У ворот стал часовой. Пропускал только по пропускам штаба. О положении на фронте штаб выпускал три раза в день бюллетени. В бюллетенях отмечалось движение каждой клепки, каждого бойца-рабочего. Опоздание на минуту заносилось в графу тяжелых проступков. Повторившему — ставили на вид. Третье вело к увольнению. И хотя на эту угрозу многие посмеивались, однако она оказывала действие.
Бригадиры внимательно и тревожно следили за всем происходящим на своих участках. Из цехов в штаб провели телефоны, каждые два часа в штаб сообщали боевые сводки.
Штаб — Гущин, Краснов и Куст. К штабу прикомандирована Вера Гомонова как фотокор и разносчик телеграмм.
Штурмовой двухнедельник был их предложением на общезаводском собрании. Нельзя было молча смотреть, как расстояние между Сун Вей-фу и Мостовым все более увеличивалось, как китайская бригада все набирала темпы, а бригада Мостового шла прежним шагом и, наконец, поставила под простой Сун Вей-фу. Нужно было немедленно изменить порядок работ, освежить, пусть и хорошие, но устарелые формы, и найти совершенно новые.

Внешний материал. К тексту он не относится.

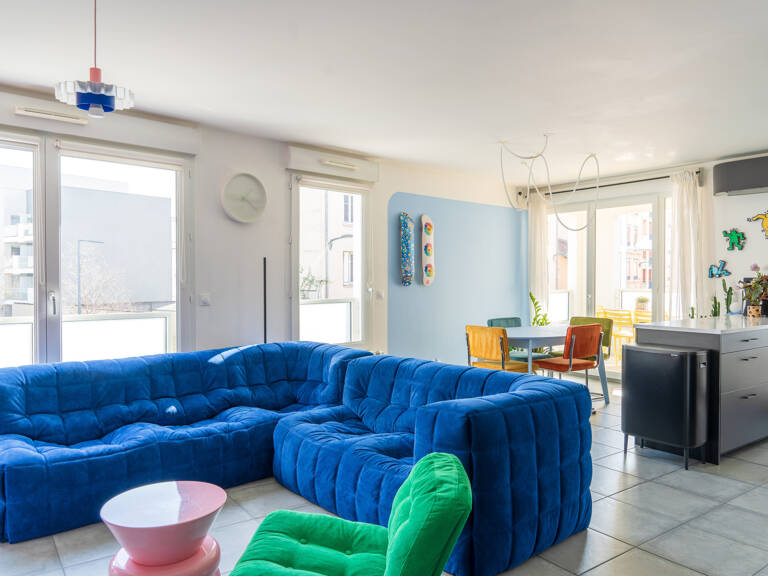 Grand T3 avec balcon et double garage en BRS - Villeurbanne/ — photo 1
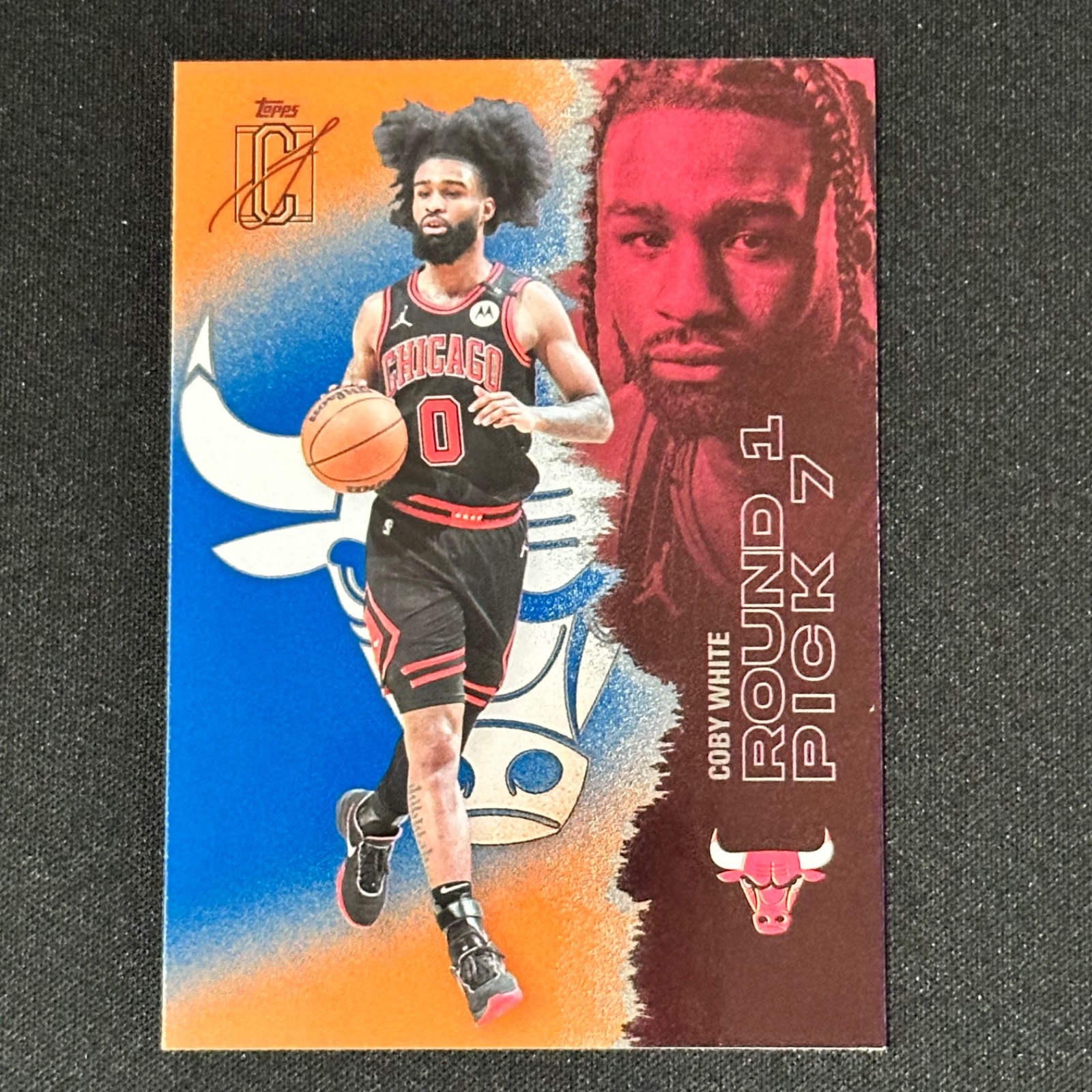 2025-26 Topps Signature Class Orange Coby White #10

На заводском собрании тогда была жаркая схватка.
Мостовой на все вопросы угрюмо отмалчивался, но Графф яростно нападал на Святого Куста.
Возражения его имели один смысл: ему нужно было тренироваться к предстоящим осенним соревнованиям. Для тренировки нужно было время. Если работать так, как предлагают Куст и Краснов, для тренировки не вырвешь и получаса. И так постоянные неприятности с Красновым и Гущиным. И займи им на соревновании первое место и из цеха не смей выйти! А теперь что получится? Когда же тренироваться?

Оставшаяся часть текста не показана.